研究目的：炎症及潜在的缺氧状态可显著影响动脉粥样硬化血管的葡萄糖利用，进而改变诸多代谢通路。但目前动脉粥样硬化斑块内的代谢变化仍不明确。本研究旨在明确兔动脉粥样硬化血管与体外培养巨噬细胞中，与葡萄糖摄取及缺氧相关的代谢系统变化。 研究方法：本研究通过球囊损伤法，在饲喂0.5%胆固醇饲料或常规饲料的兔髂股动脉中构建富含巨噬细胞或平滑肌细胞（smooth muscle cell, SMC）的新生内膜模型。将经脂多糖（lipopolysaccharides, LPS）与干扰素-γ（INFγ）刺激的THP-1巨噬细胞，分别置于常氧与缺氧环境下培养。采用毛细管电泳-飞行时间质谱（capillary electrophoresis-time of flight mass spectrometry）进行代谢组学分析，以全面评估动脉与巨噬细胞的代谢状态。同时使用18F-氟代脱氧葡萄糖（18F-fluorodeoxyglucose, 18F-FDG）与缺氧标志物匹莫尼达唑（pimonidazole），评估葡萄糖摄取情况及其与血管缺氧的相关性。 研究结果：与未损伤动脉及富含SMC的新生内膜动脉相比，富含巨噬细胞的新生内膜髂股动脉中多种代谢物水平显著升高（糖酵解通路：9种代谢物中4种上调；磷酸戊糖通路：6种代谢物中4种上调；三羧酸循环：6种代谢物中4种上调；核苷酸类：20种代谢物中10种上调）。通过放射自显影技术检测的动脉壁18F-FDG摄取量，与巨噬细胞免疫阳性区域及匹莫尼达唑免疫阳性区域均呈显著正相关（相关系数r分别为0.76与0.59；两组样本量n=69；p<0.0001）。
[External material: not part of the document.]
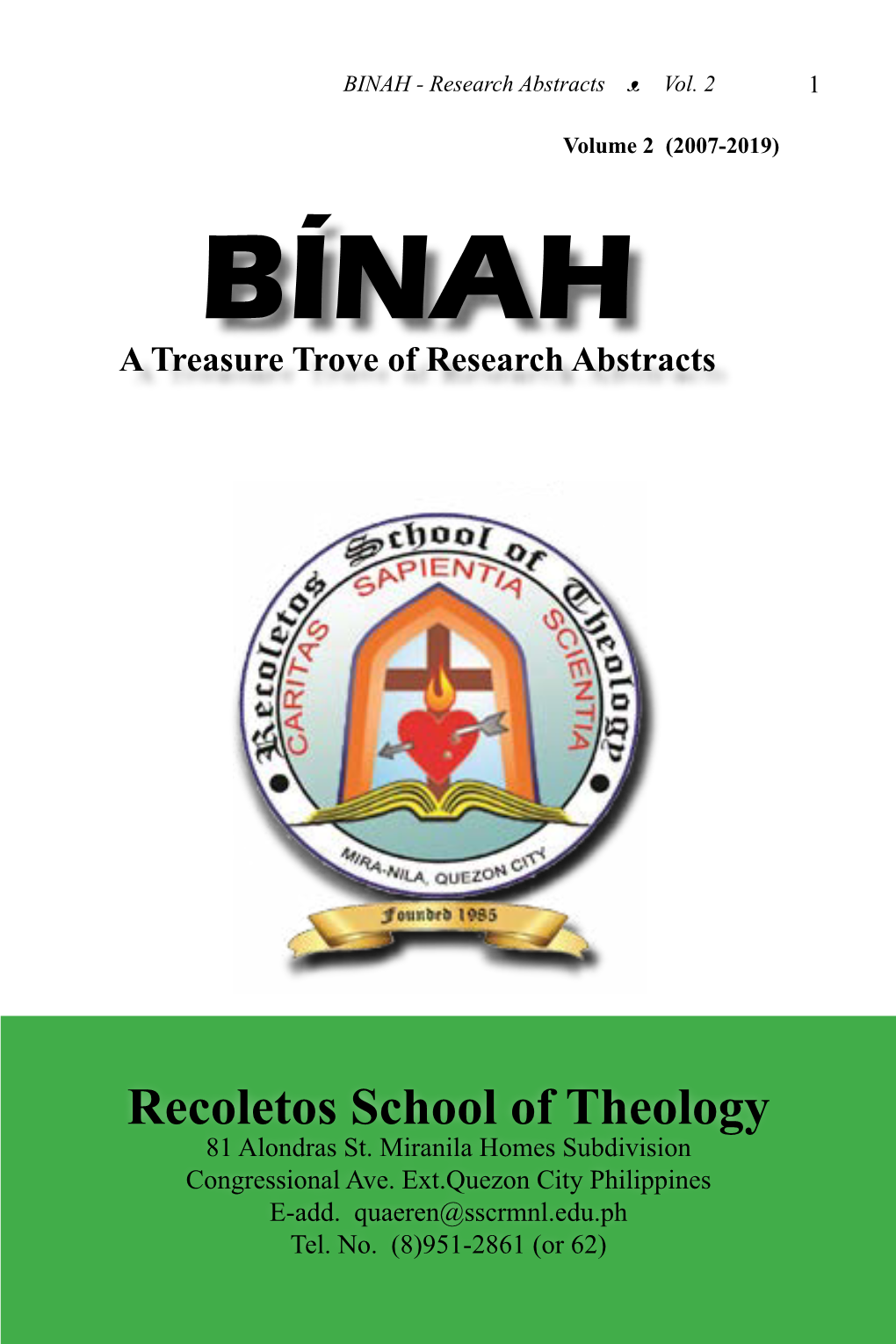 BÍNAH a Treasure Trove of Research Abstracts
在富含巨噬细胞的新生内膜中，匹莫尼达唑免疫反应活性与缺氧诱导因子-1α（hypoxia inducible factor-1α）的核转位及己糖激酶II（hexokinase II）的表达紧密共定位。在缺氧而非常氧条件下，经LPS与INFγ刺激的巨噬细胞中，糖酵解通路（8种代谢物全部上调）与磷酸戊糖通路（6种代谢物中4种上调）的代谢物水平显著升高。细胞上清液中的纤溶酶原激活物抑制剂-1（plasminogen activator inhibitor-1）蛋白水平，与巨噬细胞的代谢通路密切相关。 研究结论：动脉粥样硬化血管中的浸润性巨噬细胞可能调控代谢系统，而缺氧（而非经典活化通路）可增强巨噬细胞的糖酵解与磷酸戊糖通路活性。